In the performance, The Next Page, The Arts House "disappears" and its purpose is re-imagined. Since we live where buildings are re-purposed every other day, this couldn't have more immediacy.
In this alternate universe, The Arts House is closed after three years of operations and is transformed into a dance club "The Morenada"; following that, it becomes a five-star boutique hotel, "The Ponce", and then a bookstore, "The Next Page".
In the opening segment by Cake Theatrical Productions titled Quotes, two characters Sylvia and Virginia - allusions to the poet Sylvia Plath and the author Virginia Woolf, of course - discuss the importance of art, which resounds poignantly in a society driven by consumerism and materialistic desires.
The centrepiece of the night's performances is The Historian's Tour, directed by Chong Tze Chien of The Finger Players, during which a "tour guide" takes you through an exhibition documenting the dance club, hotel and bookstore phases of the history of the place. The highlight takes place in the Angsana Suite of "The Ponce", where audiences are invited to eavesdrop on a couple's spat (scripted by Joel Tan) in the room. The catch: this sequence takes place thrice, each time interpreted by a different director.
Meanwhile, The Next Page is also literal - it is a pop-up bookstore set up by Books Actually.
A decade ago, when the former Parliament building was designated as an arts centre and helmed by Colin Goh, nobody really knew how it would pan out as a multi-disciplinary centre for the arts. But Mr Goh, with economics, finance and management qualifications under his belt, was anything but your traditional arts manager. The Arts House delivered a net surplus of more than $1 million in its first full year of operation; it has been in the black ever since.
In the past decade, the Arts House has especially made a mark on the literary arts - from offering a writing residency and being involved in the Singapore Writers Festival to holding its own events such as monthly readings by budding writers and authors from around the world.
Next month though, as it turns "the next page" to become SIFA's home - it will shift its focus towards year-long engagement programmes, besides keeping its role in venue management; the current team manages other arts centres like Goodman, Aliwal and Sculpture Square.
This year's SIFA will present six weeks of programmes from August. Although Arts House chief executive Lee Chor Lin has yet to officially start her tour of duty at The Arts House, she has already envisioned it playing a role in the rejuvenation of the Civic District as an arts hub once Victoria Theatre and Victoria Concert Hall reopen next year.
She says that, with the right touch and steering, the place can "extend the physical stake of the Singapore International Festival of Arts", which she described as a "merger of 36 years of festival-making and 10 years of place-making".

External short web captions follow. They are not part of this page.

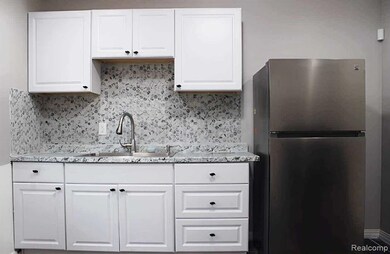 Kitchen with freestanding refrigerator, white cabinetry, and tasteful backsplash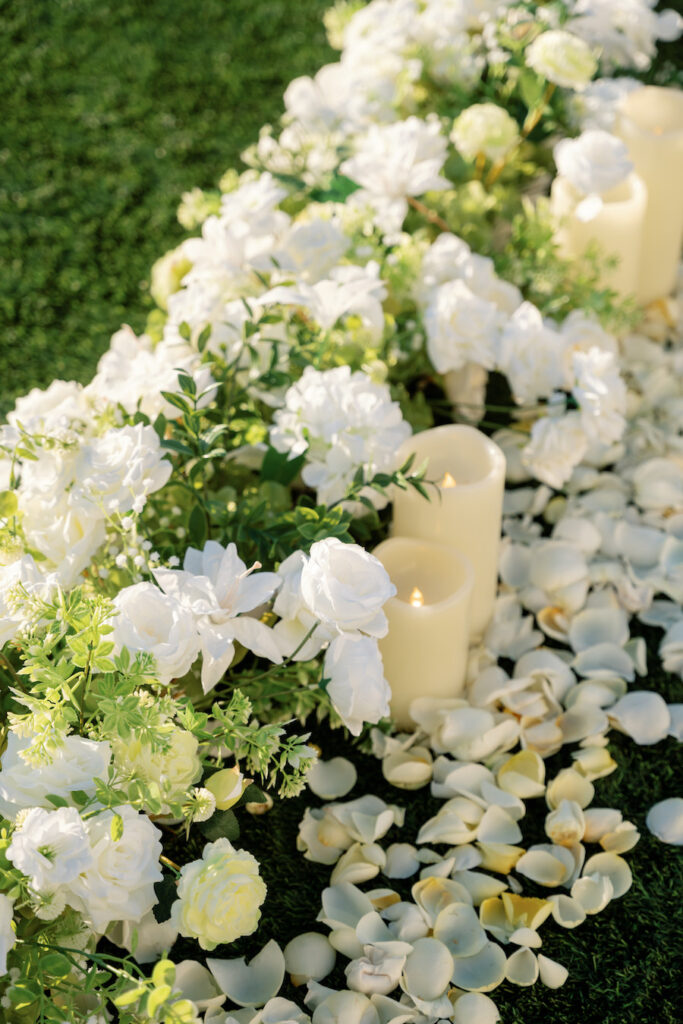 Close-up of white roses, gardenias and pillar candles along the petal aisle
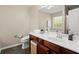 Bathroom featuring a single sink vanity with wood cabinetry, tile floors, and stylish decor at 2125 Mina Lane Dr, Buford, GA 30518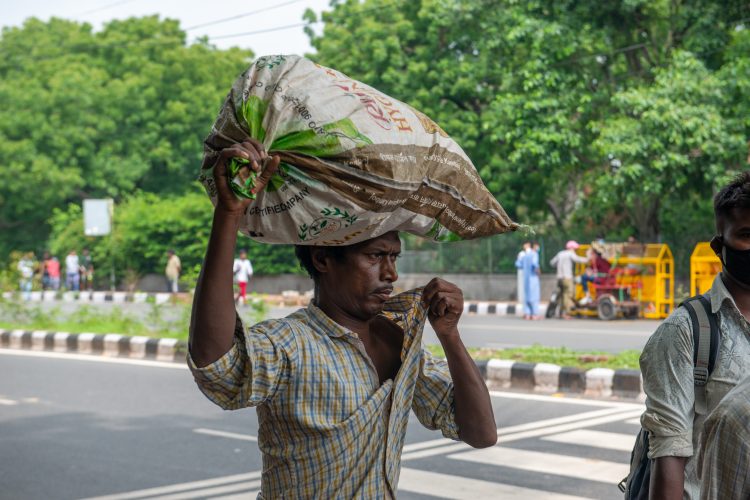 man carrying rice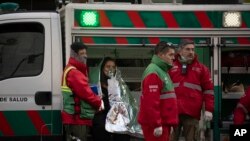 Para petugas tanggap darurat merawat seorang perempuan yang berhasil diselamatkan dari kebakaran di sebuah apartemen di Buenos Aires, Argentina, pada 23 Juni 2022. (Foto: AP/Victor R. Caivano)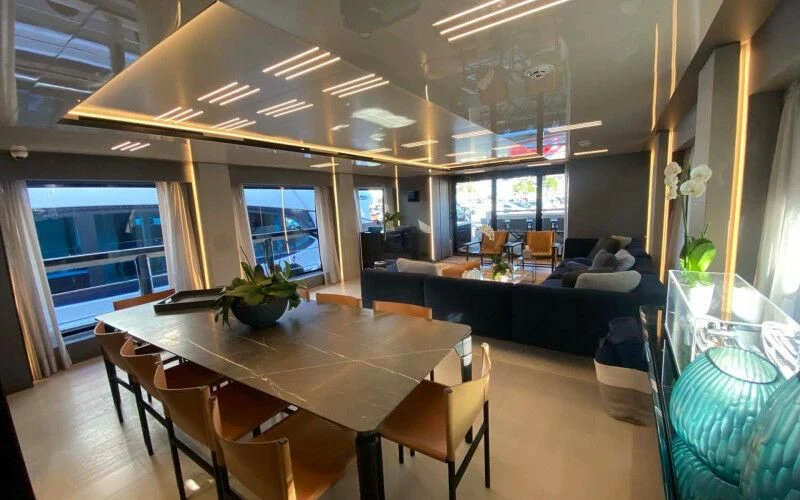 a room with a table and chairs aboard AMORES Yacht for Sale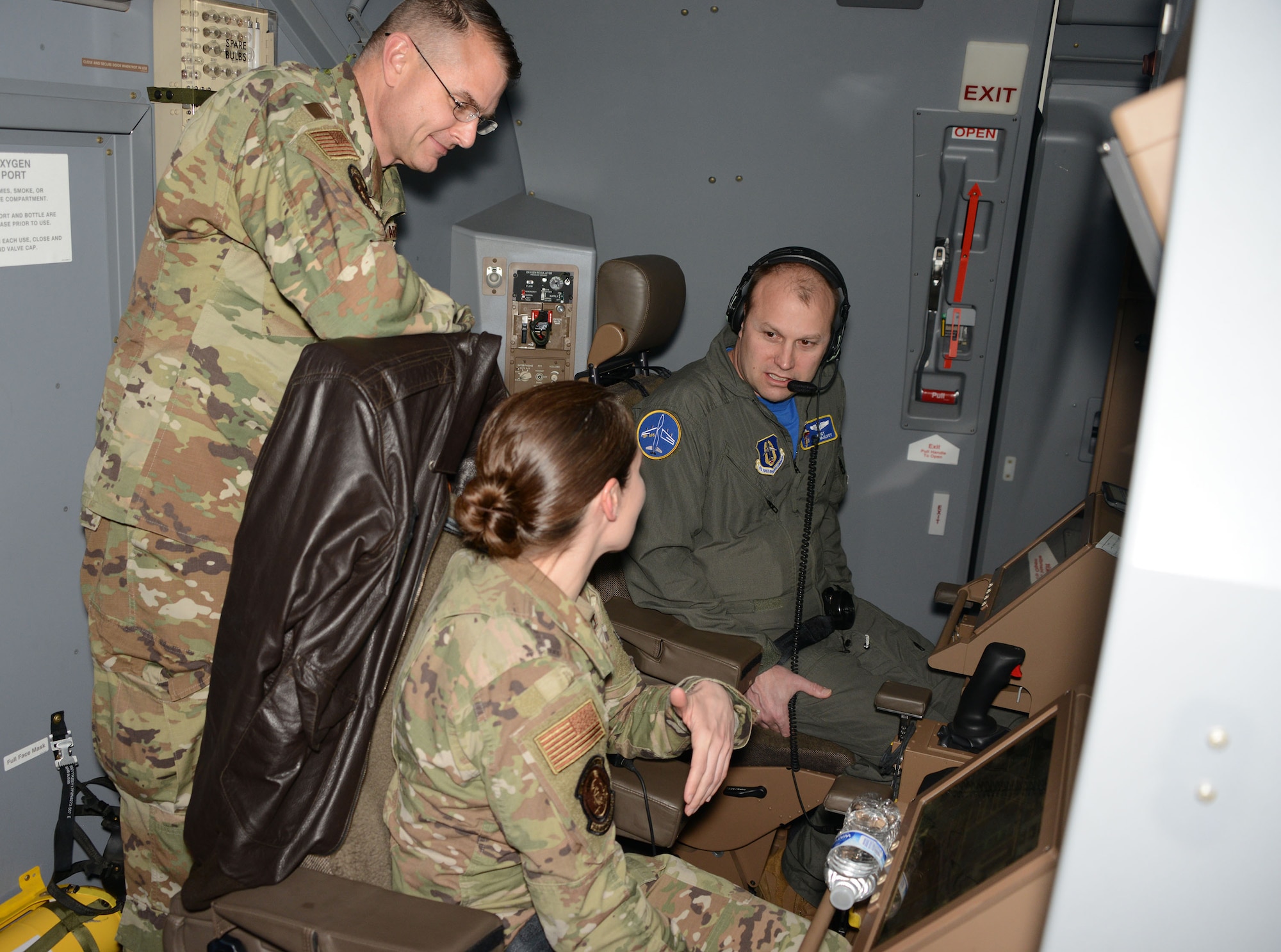 Lt. Col. Michael Rigoni, 352nd Recruiting Squadron commander and Master Sgt. Lyndsay Moen, the in-service recruiter at Little Rock Air Force Base, Arkansas, talk to a boom operator from the 931st Air Refueling Wing during a recruiting event at McConnell Air Force Base, Kansas, Apr. 10, 2021.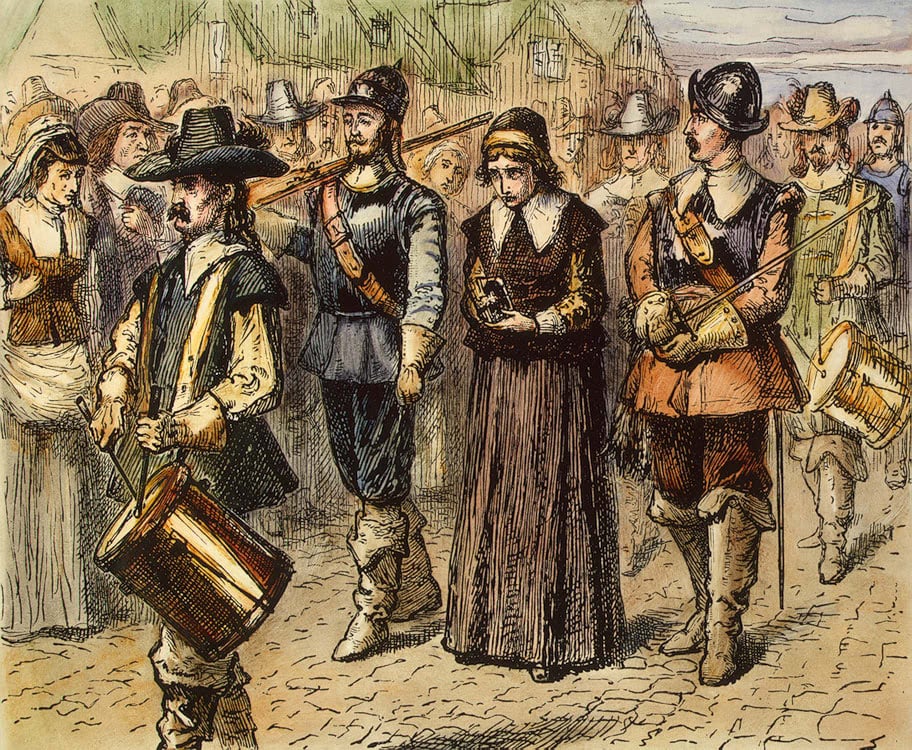 A color illustration of Mary Dyer being led down a Boston street to her place of execution. She is flanked by two armed men, with drummers in front and behind her. People stand and watch solemnly from the side of the road.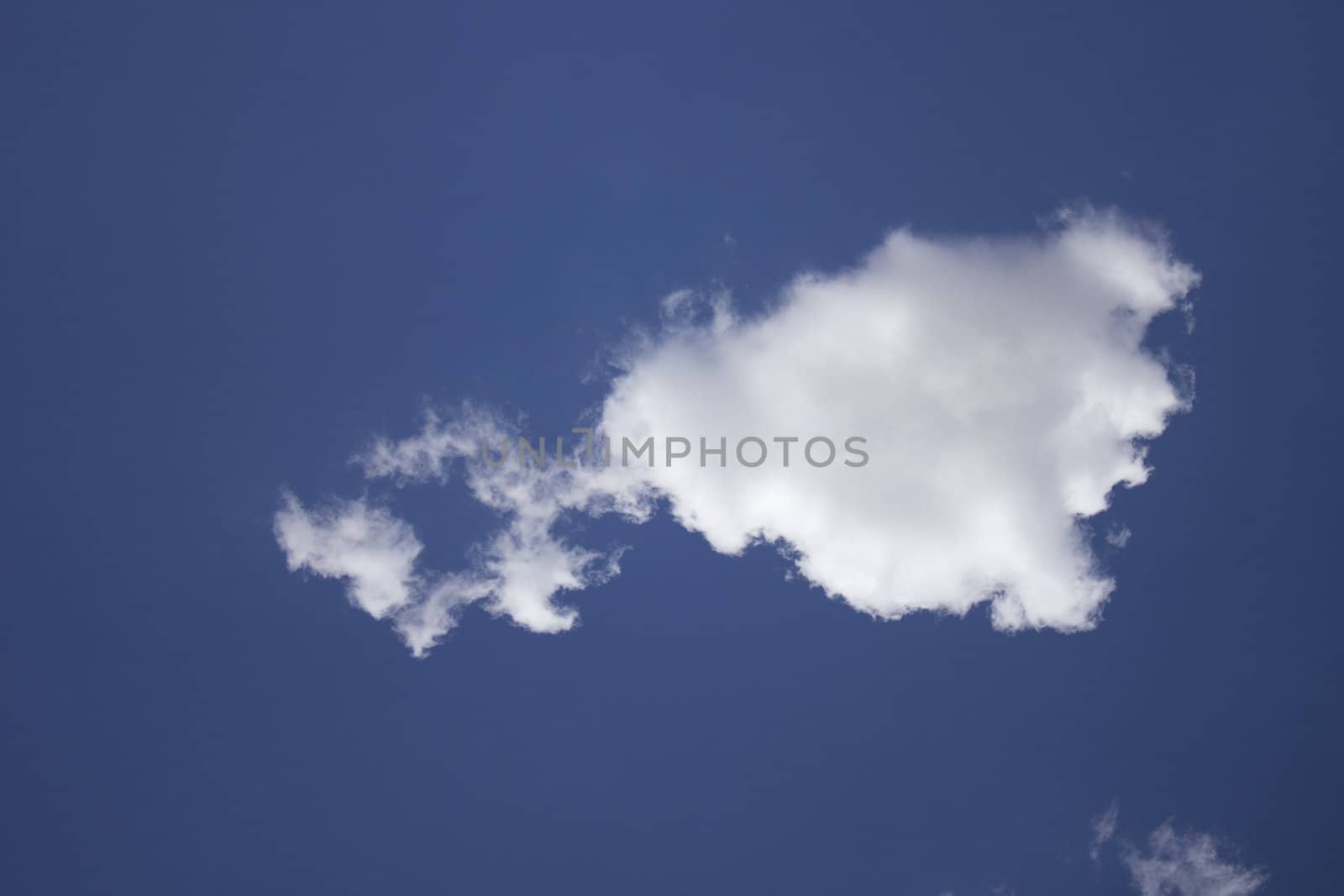 Dramatic Cloudy Sky with a deep blue background.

To celebrate The Arts House in its present incarnation, do check out the events still on-going until this weekend. Spoiler alert: watch out for the twist, when the "cleaner" (Siti Khalijah) interrupts the "house tour" and steals the show with a spiel about the value of permanence. As someone who has witnessed how the building has changed over the years, she will convince you that even the dirt on the ground tells a story to her - and so it should to us, too.